AA: I loved traveling with Joey and it only got better once we met up with our friend Amy Breesman in Chicago. She came along to hang out and help out with gear and merch and stuff and also took so many awesome photos! It was seriously probably the most fun and relaxed tour I've ever done start to finish! All the bands Joey mentioned were amazing. I also loved playing with Chomp in Cleveland, Glazer in New Brunswick, and Tomboy in Boston.
What was touring during breast cancer awareness month like?
JD: I didn't give much thought to touring during breast cancer awareness month until I received some emails from my aunt and brother (a FRACKING company has started using pink drill bits!). We shared our anger and frustration together over it. I didn't see anything too flabbergasting on the road besides some toxic energy drinks at Wawa plastered with pink ribbons. I do remember when I was on tour three years ago with my old band we drove through a small town outside of Omaha where an entire block was plastered with pink decor to um...celebrate the month. The bars offered "mugs for jugs" but I remember every store window displaying some slogan that was equally offensive.
AA: It was definitely weird to realize that we were traveling during breast cancer awareness month but besides what Joey said it didn't really come up much specifically during our shows.
I have serious ambivalence about whether or not music can be political, or specifically, how the act of playing music can be political. I also vacillate between a muted, jaded despair at the soullessness of the majority of bands I encounter, and a fierce, all-consuming belief in the importance of punk rock. For me, Pinkwash is a band that reinvigorated my faith in punk (rather, a particular kind of punk made by high-caliber humans such as yourselves). What are your thoughts on music as political action or political catharsis?
JD: Well first, being responsible for renewing your faith in a form of punk seems like a LOT of pressure, so let's just say nü metal instead, yeah? For me, there seem to be two ways I enjoy live music. In one, I'm fully confronted by the performance; the intensity of the sound (not specific to volume), the intentions of the performers, the sense of meaning to the performance. In the other, I am able to get lost in a performance. This isn't to say that one is shallow and one deep, because in so many cases in which I am really moved by a performance it's a combination of the two. I have seen some intensely political bands incapable of moving anyone and some really introverted drone projects be intensely thought provoking and cathartic.

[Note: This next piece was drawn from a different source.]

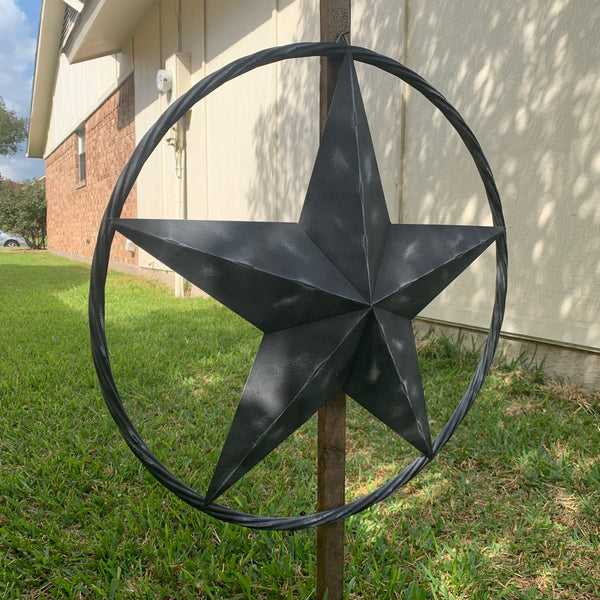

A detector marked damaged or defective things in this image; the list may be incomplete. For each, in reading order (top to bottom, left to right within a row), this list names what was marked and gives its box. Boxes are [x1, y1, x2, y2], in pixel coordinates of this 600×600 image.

rusted metal pole [316, 3, 350, 596]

With Pinkwash the most I hope for is if it moves a single person at any given show. Ashley and I are very passionate about performing and try to waste ourselves every time we play together. I don't say much when we play live and we don't present an agenda farther than our band name and lyrics, but Ashley and I are political people. This doesn't necessarily answer your question, but without passion you can't put forth anything political.